Is there some formal way(s) of quantifying potential flaws, or risk, and ensuring there’s sufficient spread of tests to cover them? Perhaps using some kind of complexity measure? Or a risk assessment of some kind?
Experience tells me I need to be extra careful around certain things - user input, code generation, anything with a publicly exposed surface, third-party libraries/services, financial data, personal information (especially of minors), batch data manipulation/migration, and so on.
But is there any accepted means of formally measuring a system and ensuring that some level of test quality exists?
PitMutation testing is useful.
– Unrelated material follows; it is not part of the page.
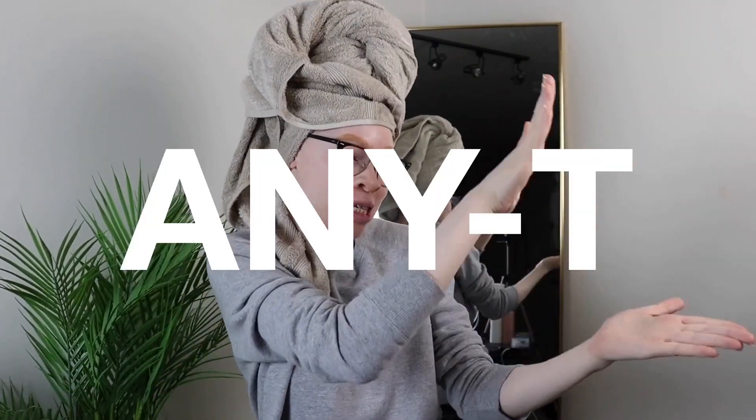Hi guys, welcome back to my channel. If you are new to my channel, my name is Ayana and you want to go ahead press that subscribe button and that notification bell next to it so you would not miss any videos from me. All right, so let's go ahead and get into today's video.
It basically tests how effective your tests are and tells you missed conditions that aren’t being tested.For Java: https://pitest.org
Edit: corrected to the more general name instead of a specific implementation.
The most extreme examples of the problem are tests with no assertions. Fortunately these are uncommon in most code bases.
Every enterprise I’ve consulted for that had code coverage requirements was full of elaborate mock-heavy tests with a single Assert.NotNull at the end. Basically just testing that you wrote the right mocks!
That’s exactly the sort of shit tests mutation testing is designed to address. Believe me it sucks when sonar requires 90% pit test pass rate. Sometimes the tests can get extremely elaborate. Which should be a red flag for design (not necessarily bad code).
Anyway I love what pit testing does. I hate being required to do it, but it’s a good thing.
Yeah. All the same. Create lazy metric - get lazy and useless results.
I’d never heard of mutation testing before either, and it seems really interesting. It reminds me of fuzzing, except for the code instead of the input. Maybe a little impractical for some codebases with long build times though. Still, I’ll have to give it a try for a future project. It looks like there’s several tools for mutation testing C/C++.
The most useful tests I write are generally regression tests. Every time I find a bug, I’ll replicate it in a test case, then fix the bug. I think this is just basic Test-Driven-Development practice, but it’s very useful to verify that your tests actually fail when they should. Mutation/Pit testing seems like it addresses that nicely.
We are running the above pi tests with an extra (Gradle based) build plugin so that it only runs mutations for the changed lines in that pull request. That drastically reduces runtime and still ensures that new code is covered to the mutation test level we want. Maybe something similar can be done for C or C++ projects.
I’m currently working on a C++ project that takes about 10 minutes to do a clean build (Plus another 5 minutes in CI to actually run the tests). Incremental builds are set up, and work quite well, but any header changes can easily result in a 5 minute incremental build.
As much as I’d like to try, I don’t see mutation testing being worthwhile for this project outside of maybe a few isolated modules that could be tested independently. It’s a highly interconnected codebase, and I’ve personally reviewed (or written) every test, so I already know they’re of fairly high quality, but it would be nice to be able to measure.
This is really interesting, I’ve never heard of such an approach before; clearly I need to spend more time reading up on testing methodologies. Thank you!
Does something like this exist for Python?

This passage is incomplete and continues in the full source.